While studies have demonstrated time distortions in non-anxious patient populations (Meck, 1996, 2005; Berlin and Rolls, 2004; Melgire et al., 2005; Penney et al., 2005; Allman and Meck, 2011), examinations of how time may be distorted in individuals with anxiety disorders are lacking. It is likely that time is distorted to a greater extent during periods of increased threat and anxiety in clinical populations suffering from anxiety disorders than in healthy controls. It is also predicted, based on current research on unpredictability and uncertainty, that these two forms of threat ambiguity may differentially influence time distortions across clinical groups and could help further characterize the differences between certain anxiety-related populations. For example, panic and post-traumatic stress disorder patients might show greater time distortions resulting from unpredictable stimuli, whereas GAD patients might show greater distortions resulting from probabilistic uncertainty. Such findings would indicate that time perception is intimately related to the way in which anxiety is experienced and how individuals respond to aversive events.

Taking this idea a step further, the hypothesis that time distortions are yoked to the experience of anxiety could potentially open the door to new therapies focused on using cognitive strategies to reduce these distortions and, as a result, reduce feelings of anxiety. A study by Mella et al. (2011) provides preliminary evidence that paying attention to time rather than emotion can reduce physiological arousal as a form of emotion regulation. Future work could address the potential for attending to time in reducing the aversiveness of ambiguous stimuli. This therapeutic direction would represent a novel treatment in the control of anxiety disorders.

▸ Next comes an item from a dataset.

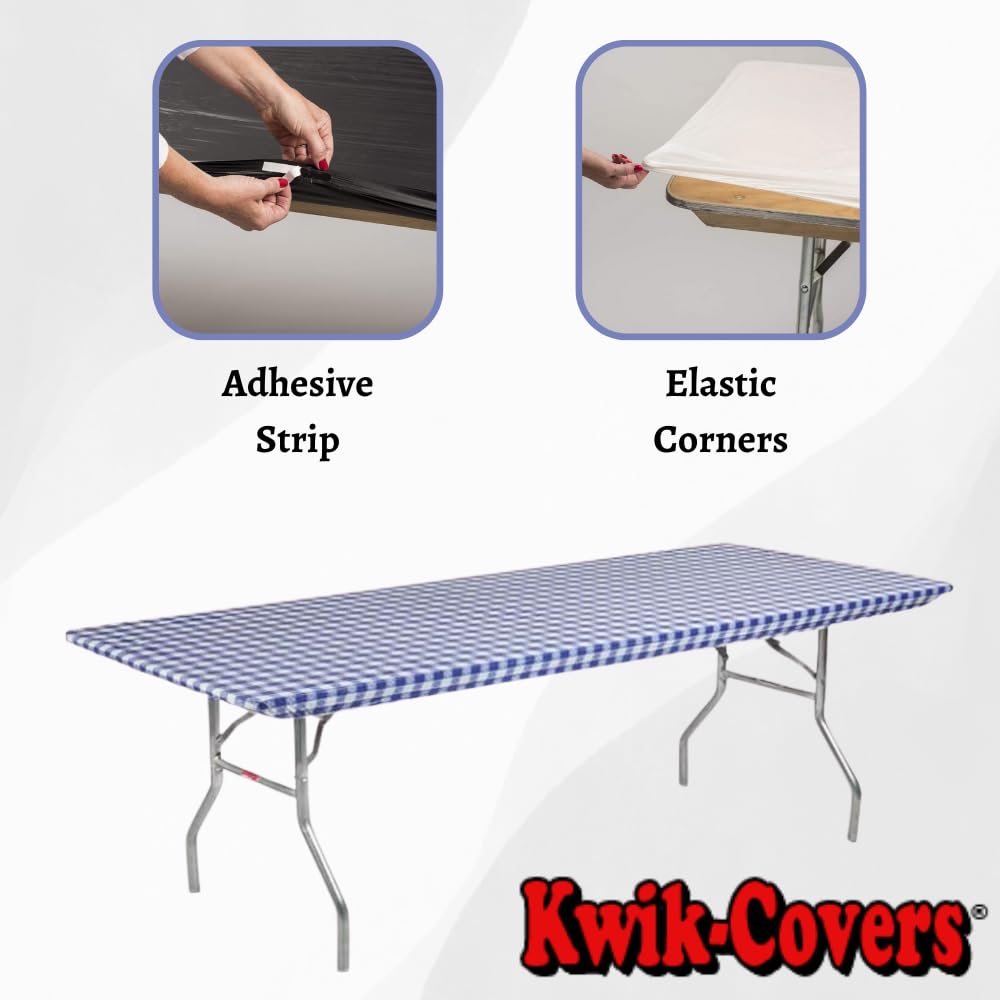 Kwik-Covers Rectangular Plastic Table Covers 8' Bundle Of 5 With Seventy (70) Ohm Commerce Paper Napkins - Indoor Or Outdoor Fitted Table Covers (Table Not Included) (30X96, Blue Gingham)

Finally, research on ambiguity and time perception could increase our understanding of anxiety even further if future studies combined neuroimaging techniques with psychological studies of behavior. Only a few studies have examined the neural correlates of anxiety and time perception (Meck and MacDonald, 2007; Gan et al., 2009). The findings of Meck and MacDonald (2007), in particular, indicate that the amygdala may be critical for distortions in timing arising from the threat of an aversive event. Other researchers have suggested the importance of the insula in the relationship between emotion and time (Craig, 2009; Schirmer, 2011). Research showing that these brain regions mediate the effects of unpredictability and uncertainty on time distortions would help in better understanding the biological mechanisms underlying the experience of anxiety.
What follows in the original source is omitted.